Besides details on a series of free, upcoming workshops where all would be revealed, the ad offered a mouthwatering menu of claims on "How to cash in on the biggest real estate liquidation sale in our entire United States history" and "how to maximize your profit with lucrative foreclosures." Even better was the claim that, "You can buy homes with little or no money coming out of your pocket. That's right: GET PAID TO BUY A HOUSE." There's even a quote from CNBC's embattled maharishi of mammon, James Cramer, citing the "precise date" that the housing market will turn around. If you care to mark your calendar, it's June 30, 2009; though given some of Cramer's other predictions of late, you might want to hedge your bets. Sold!

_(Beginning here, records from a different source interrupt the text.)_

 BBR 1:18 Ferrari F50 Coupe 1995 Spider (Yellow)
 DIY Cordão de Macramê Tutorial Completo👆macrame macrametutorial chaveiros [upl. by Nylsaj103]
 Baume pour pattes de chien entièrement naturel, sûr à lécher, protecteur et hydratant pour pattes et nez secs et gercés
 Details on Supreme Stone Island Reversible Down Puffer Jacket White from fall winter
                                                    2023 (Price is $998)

So, on a recent Monday afternoon, I went to the Roosevelt Hotel, a stately and well-appointed place just west of Grand Central where only the most respectable types might gather. Eighty or so of us took our seats in front of a large movie screen in an opulent banquet hall, as what sounded suspiciously like the theme music from Baywatch was piped in from speakers.
"You are all in for a real treat this afternoon," said Terry, the tall gentleman in a crisp blue polo shirt who took our registrations at the front table. He then handed over our nametags with our first name printed in big bold writing. As the lights were dimmed and the promotional film for the Robert Allen Institute's "Recovery Riches" program is queued, I was transported back to an era I naively assumed no longer existed when Flip This House was one of the most top-rated TV shows on cable and the phrase "no money down" was printed on many a mortgage brokers' calling card.

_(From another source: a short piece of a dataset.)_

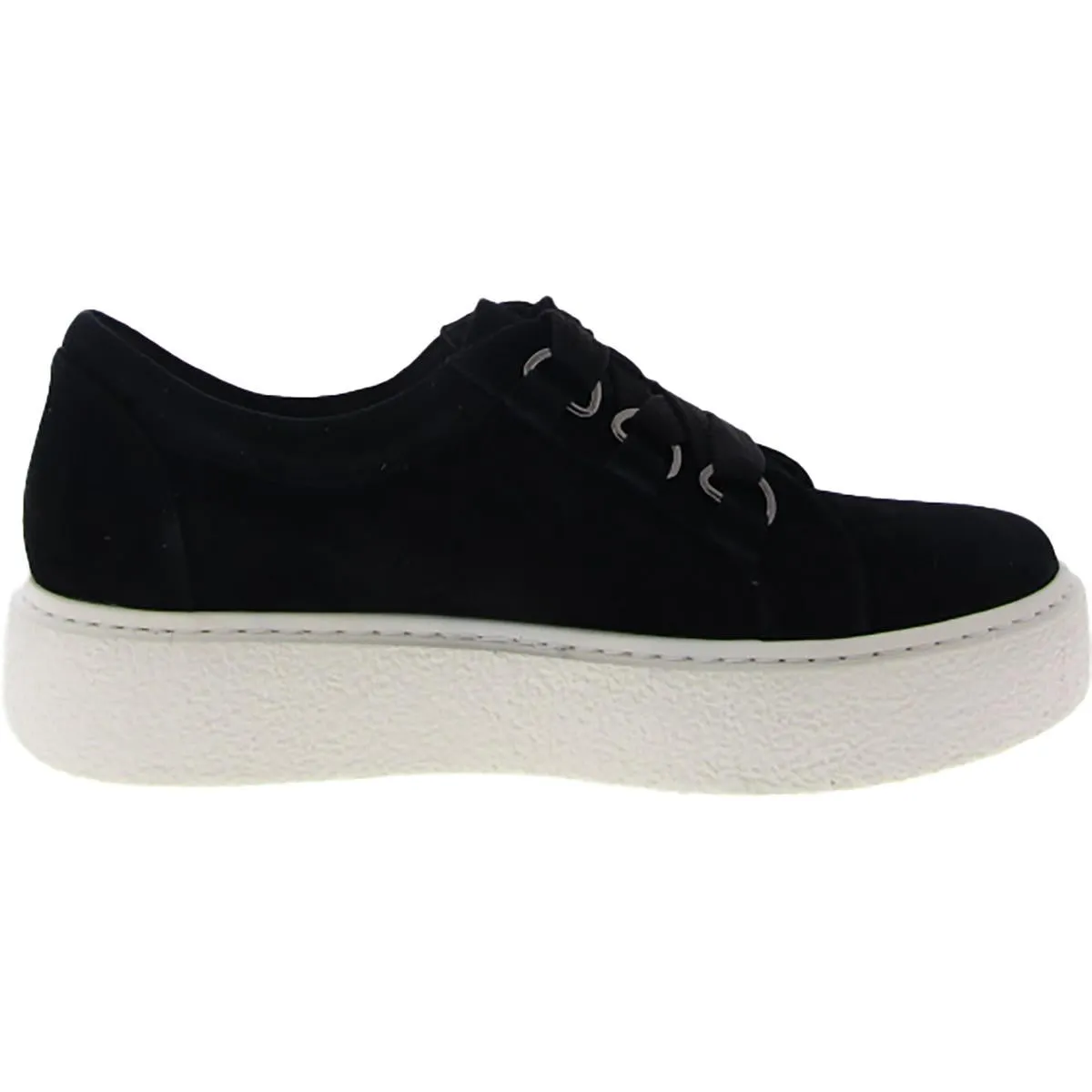 Yevka Womens Padded Insole Faux Suede Casual And Fashion Sneakers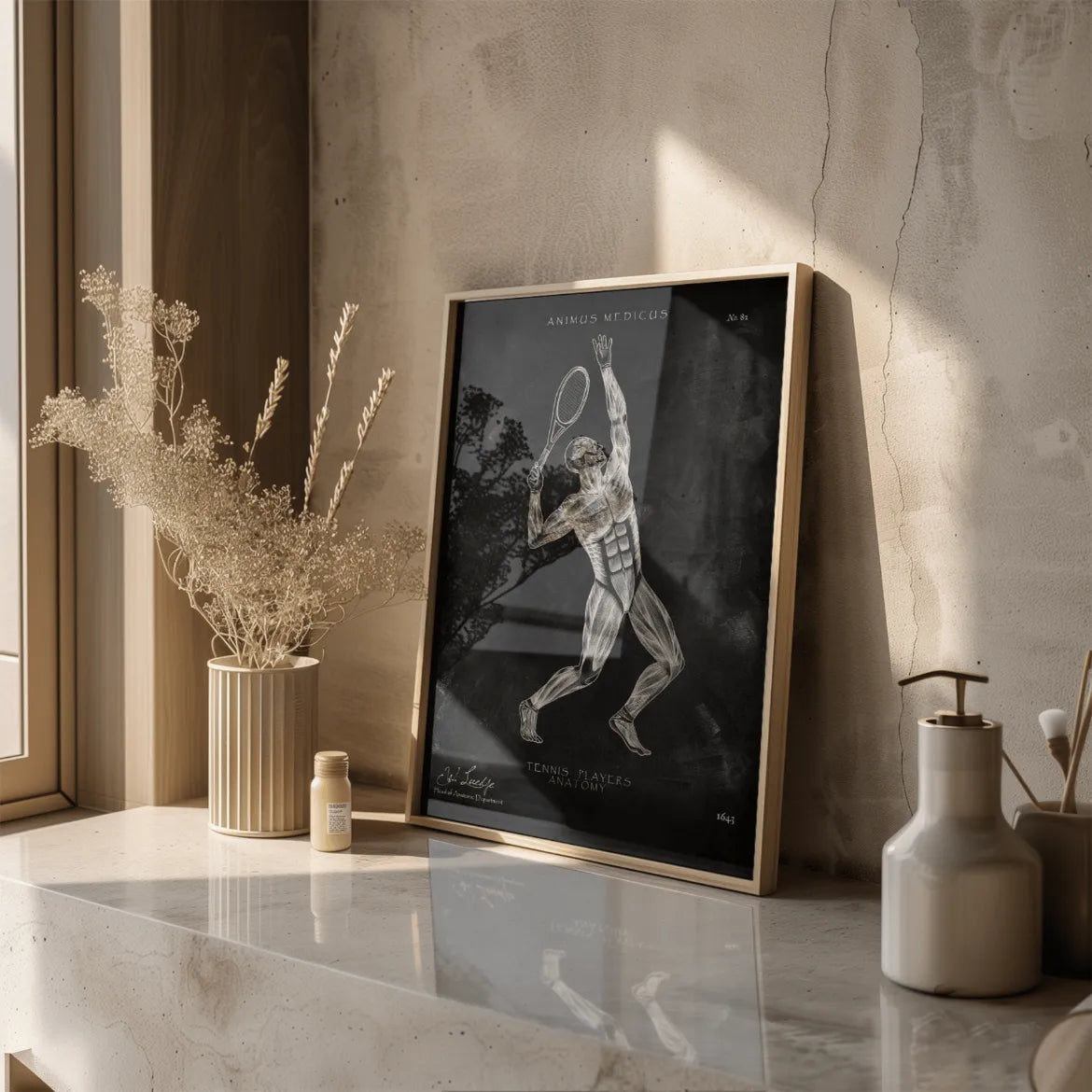 Tennis Anatomie Poster - Chalkboard - Animus Medicus GmbH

Not so. The video that segues in to the free two-hour "Creating Wealth with Real Estate" workshop is full of smiling people who presumably haven't read the news lately, as they tell us rubes in the audience things like: "No money down is possible, I've seen it!" and "Turn properties over to investors for quick cash!" Testimonials are given by people who claim to have made tens or hundreds of thousands of dollars in a matter of months in real estate, thanks to the advice and guidance of one Robert G. Allen, author of such books as The One Minute Millionaire, Nothing Down and Creating Wealth. A voiceover tells us that we too can be part of this talented class of real estate gurus, as images of a young woman riding a horse, a couple relaxing with glasses of wine in hand and a family walking along the beach flow across the screen. The video ends with a rousing tune and a challenge to: "Be Robert Allen's next millionaire!"

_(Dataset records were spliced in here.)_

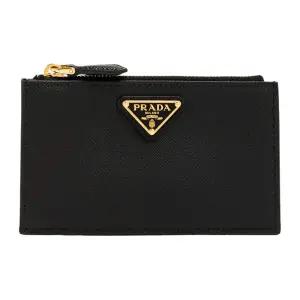 [명품] 26SS 사피아노 가죽 카드지갑 블랙 1MC086 QHH F0002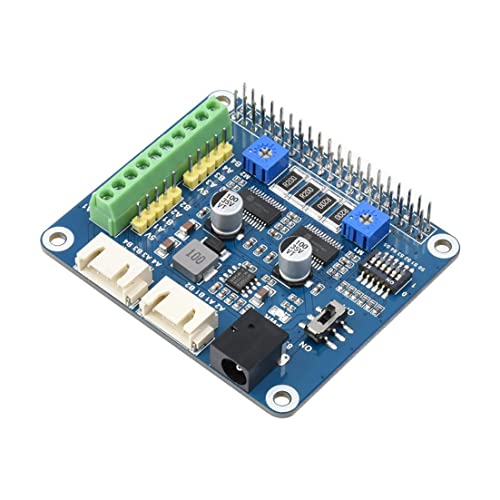HRB8825 Schrittmotor HAT Unterstützung Raspberry Pi Series Board/Jetson Nano, Antrieb von zwei Schrittmotoren, 6 verfügbare Microstep-Modi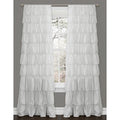 The Gray Barn Kookaburra Ruffle White Curtain Panel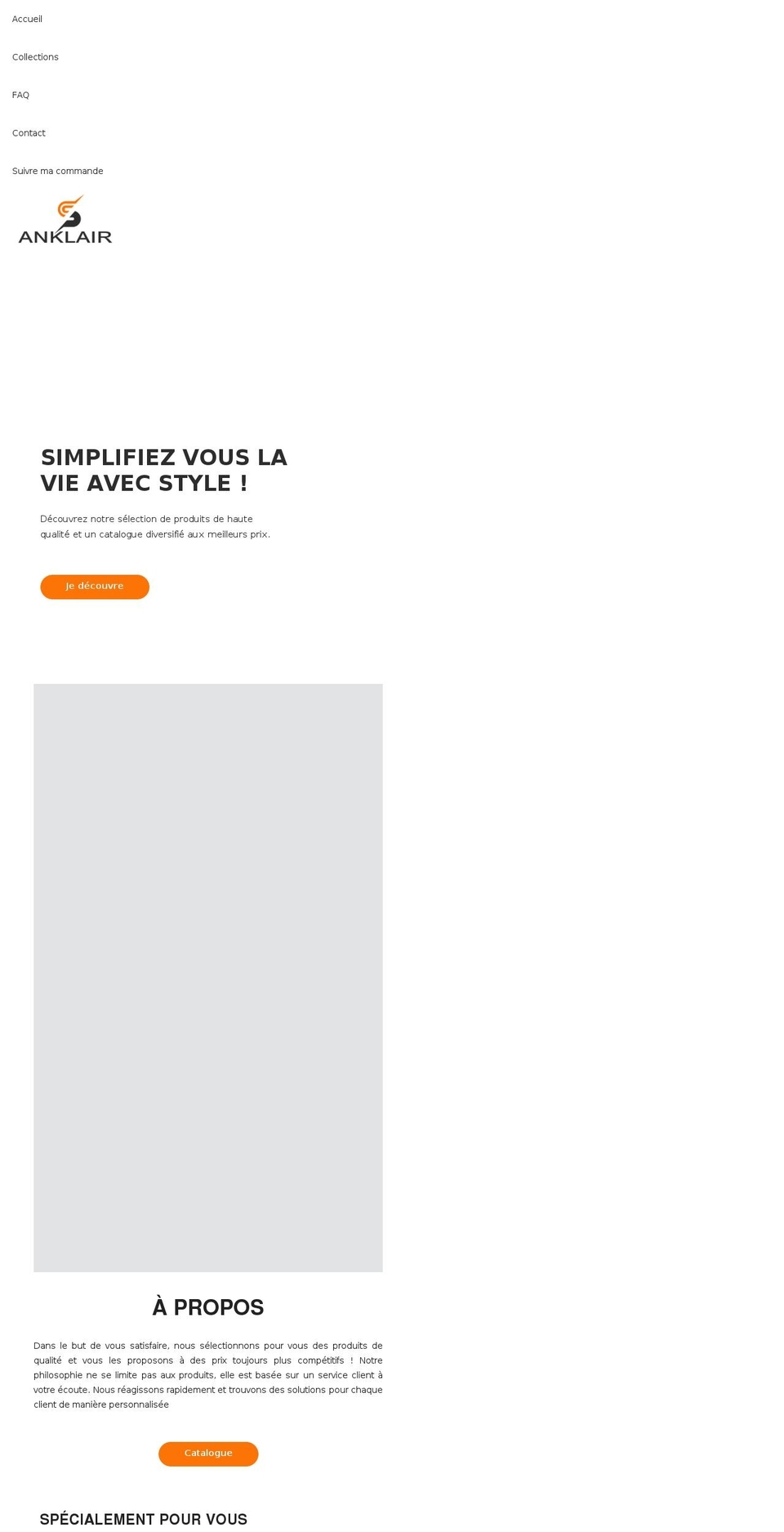 sanklair.com shopify website screenshot
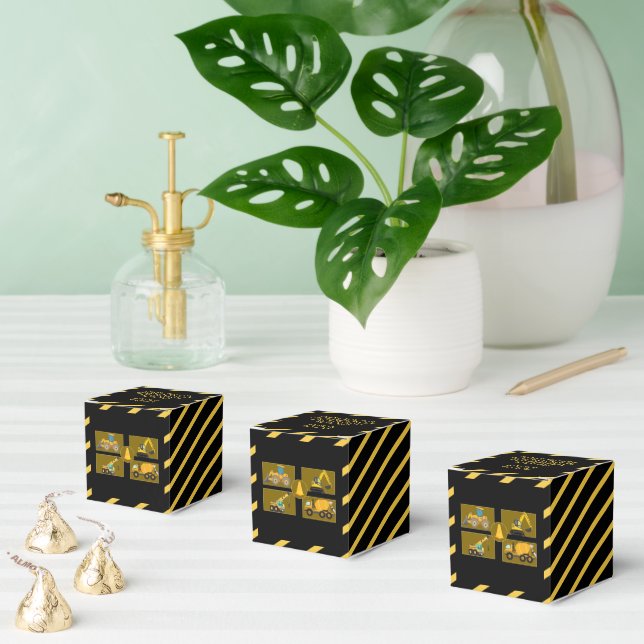 Construction Trucks |  Kids Birthday Party   Favour Box (Multiple)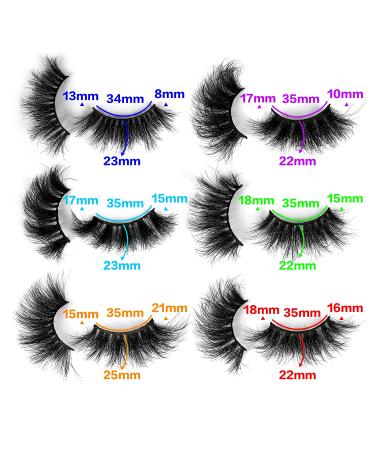 Fluffy Mink Lashes | Dramatic Long Wispy & Thick False Eyelashes | Reusable Luxury Russian Strip Lashes - 6 Styles - Buy Online on SooperMarket.com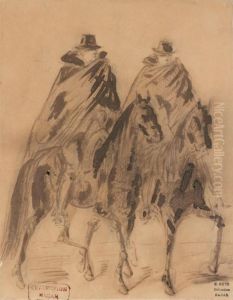 Don Quichotte Et Son Serviteur by Constantin Guys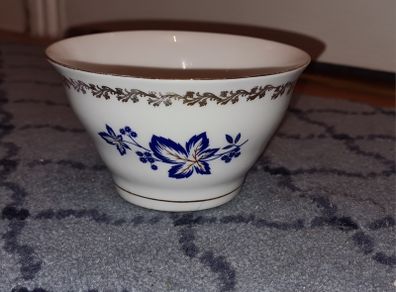 Royal Tara Royal Blue and Gold Leaf Sugar Bowl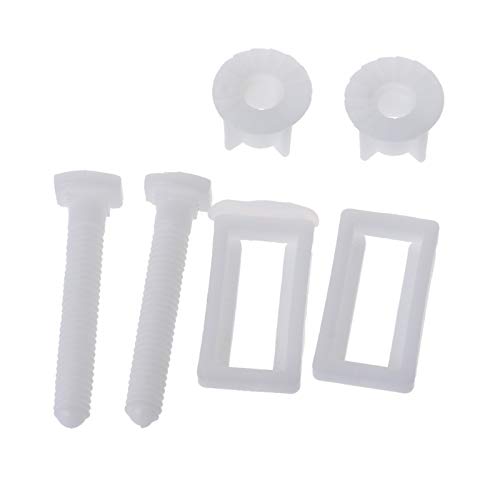 Generic 1 Pair Toilet Seat Hinge Bolts Screw Fixing Fitting Kit Toilet Seat Repair Tool 83XA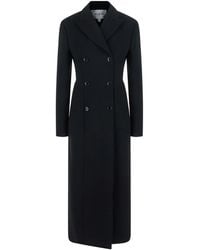 Alaïa - Coat With Lapel Collar, Featuring Long Sleeves And Front Button - Lyst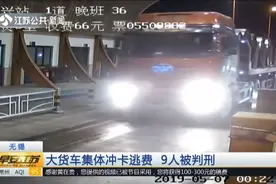 无锡大货车司机搞事情！收费站集体冲卡逃费，9人被判刑视频封面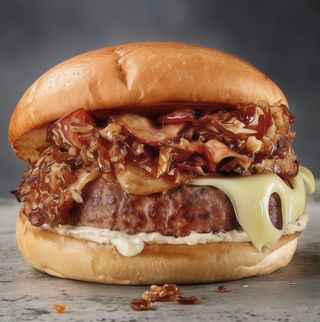 Smoked Honey Emmental Burger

In a country where over 6,000 homes now enter foreclosure every day, and where millions of people's retirement income has been wiped out thanks to a financial house of cards built on dubious home loans, I found it curious that the best advice about how to cash in on the collapse of the real estate market might be found in a newspaper ad or on late-night TV. So did a lot of other people it turns out. The workshop was packed, and based on my conversations with many of the other attendees -- mostly middle-aged men and women, the majority of whom appeared to be immigrant New Yorkers -- the dream of quick money through real estate still appears to be a component of our hardwiring that is difficult to turn off.
As the economic crisis plunges more people in to unemployment, crushes investments and leaves more Americans homeless or dangerously close to it, it's not surprising then that these kinds of pie-in-the-sky, get-rich-quick schemes are coming out of the woodwork -- reminiscent of the army of snake oil salesmen that proliferated during the Great Depression. Then, as now, an expanding pool of desperate people searched for cures, hope and salvation. And in New York City, where real estate and God vie for supremacy, this kind of pitch is especially seductive. The remarkable thing is that with only a few minor tweaks, this "real estate riches" pitch is seamlessly adapted to our new, post-subprime-lending implosion era with relative ease.
Missed your opportunity to cash in on the housing bubble? Never fear, the Robert Allen Institute and its frontmen who roam the land will teach you how to find the silver lining in the real estate rubble all around us.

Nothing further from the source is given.